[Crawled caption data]

-- Opening Marker --

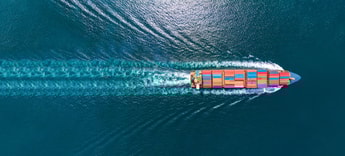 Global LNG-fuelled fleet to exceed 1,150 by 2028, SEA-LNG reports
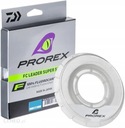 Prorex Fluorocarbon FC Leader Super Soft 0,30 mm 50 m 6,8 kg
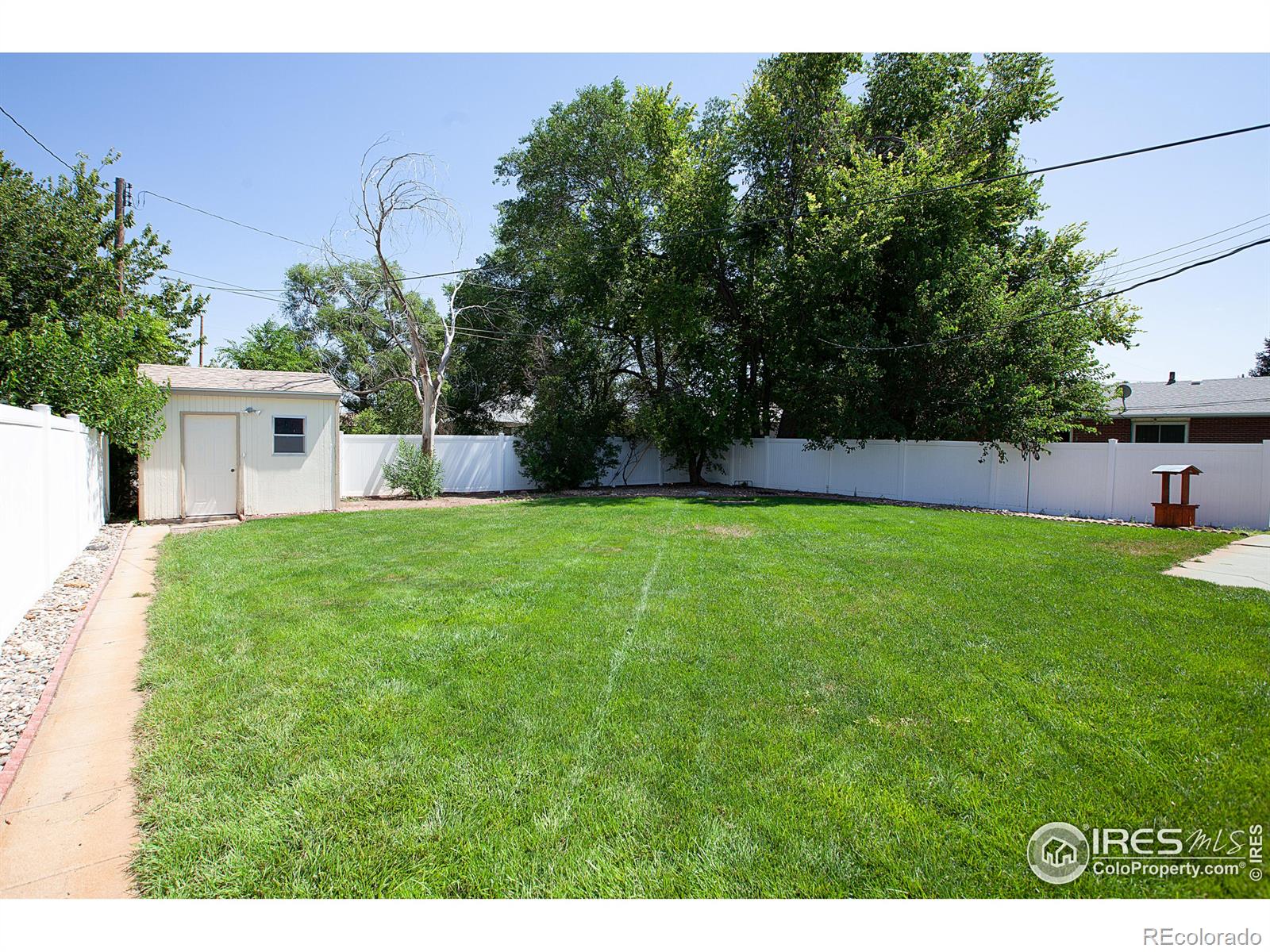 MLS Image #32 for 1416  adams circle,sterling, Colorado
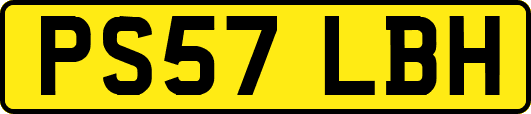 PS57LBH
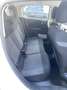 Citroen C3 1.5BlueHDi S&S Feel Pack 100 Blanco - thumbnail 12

-- Closing Marker --
-- Opening Marker --

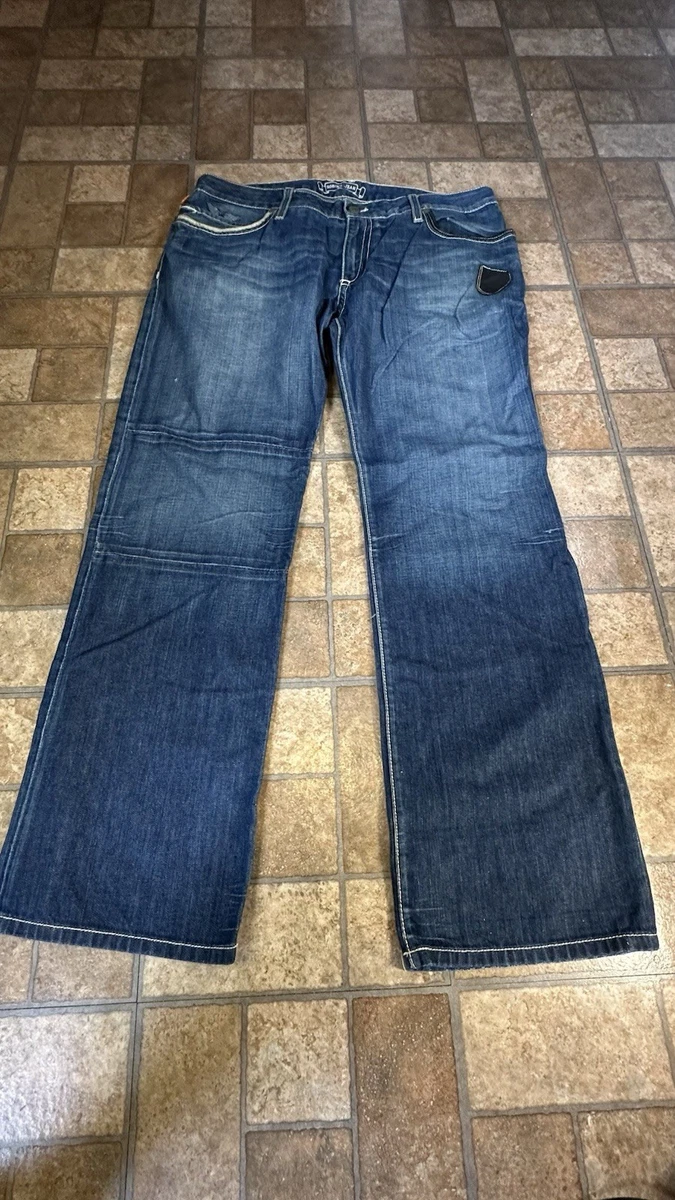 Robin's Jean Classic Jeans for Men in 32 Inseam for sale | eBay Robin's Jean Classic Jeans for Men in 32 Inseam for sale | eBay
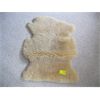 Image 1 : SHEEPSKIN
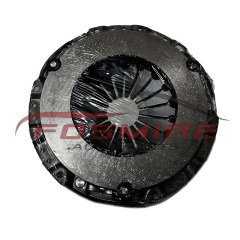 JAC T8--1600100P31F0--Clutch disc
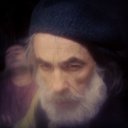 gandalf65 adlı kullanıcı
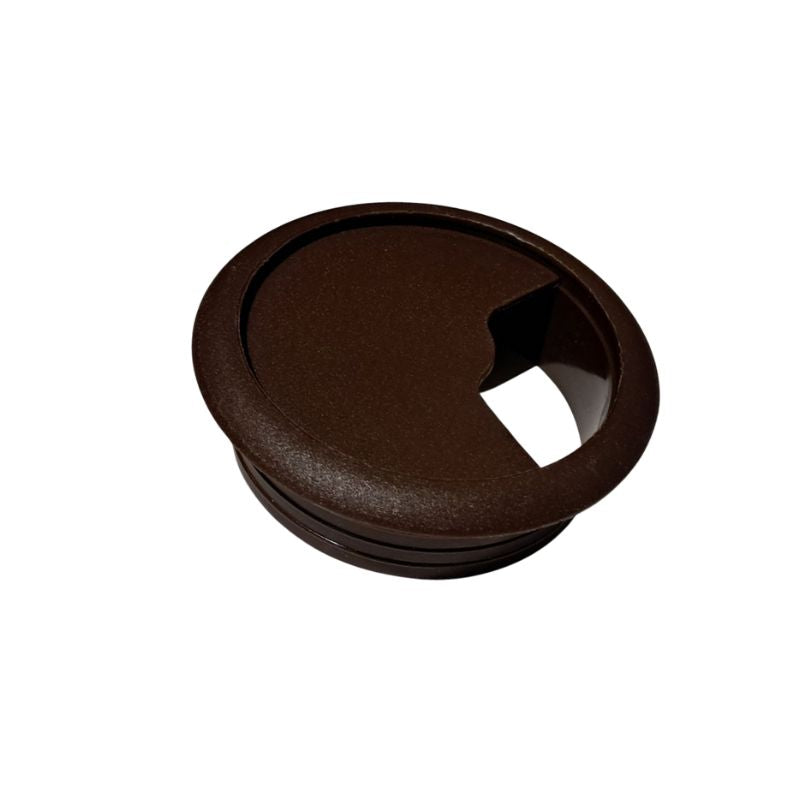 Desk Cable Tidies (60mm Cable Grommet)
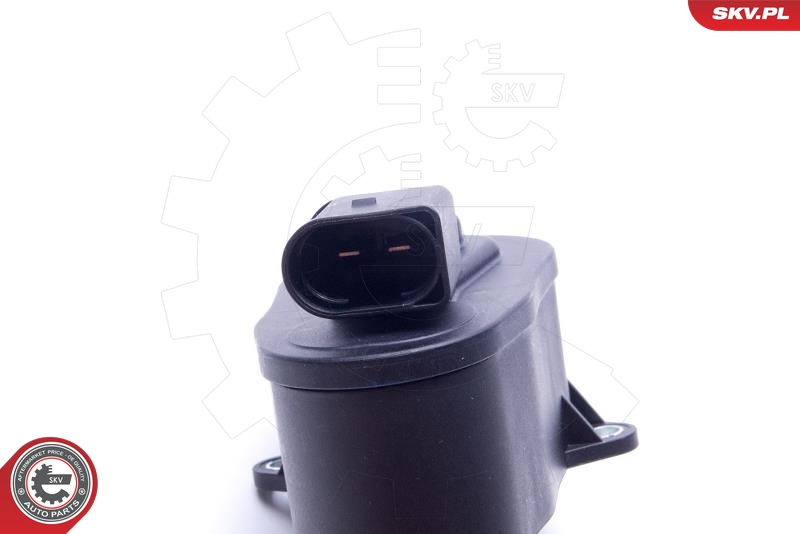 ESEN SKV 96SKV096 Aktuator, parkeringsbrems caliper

-- Closing Marker --

### Activity
Give back exactly the lines above from the one with "JAC T8--1600100P31F0--Clutch disc" through the one with "ESEN SKV 96SKV096", both included. Pictures don't belong in the copy.

### Task output
 JAC T8--1600100P31F0--Clutch disc
 gandalf65 adlı kullanıcı
 Desk Cable Tidies (60mm Cable Grommet)
 ESEN SKV 96SKV096 Aktuator, parkeringsbrems caliper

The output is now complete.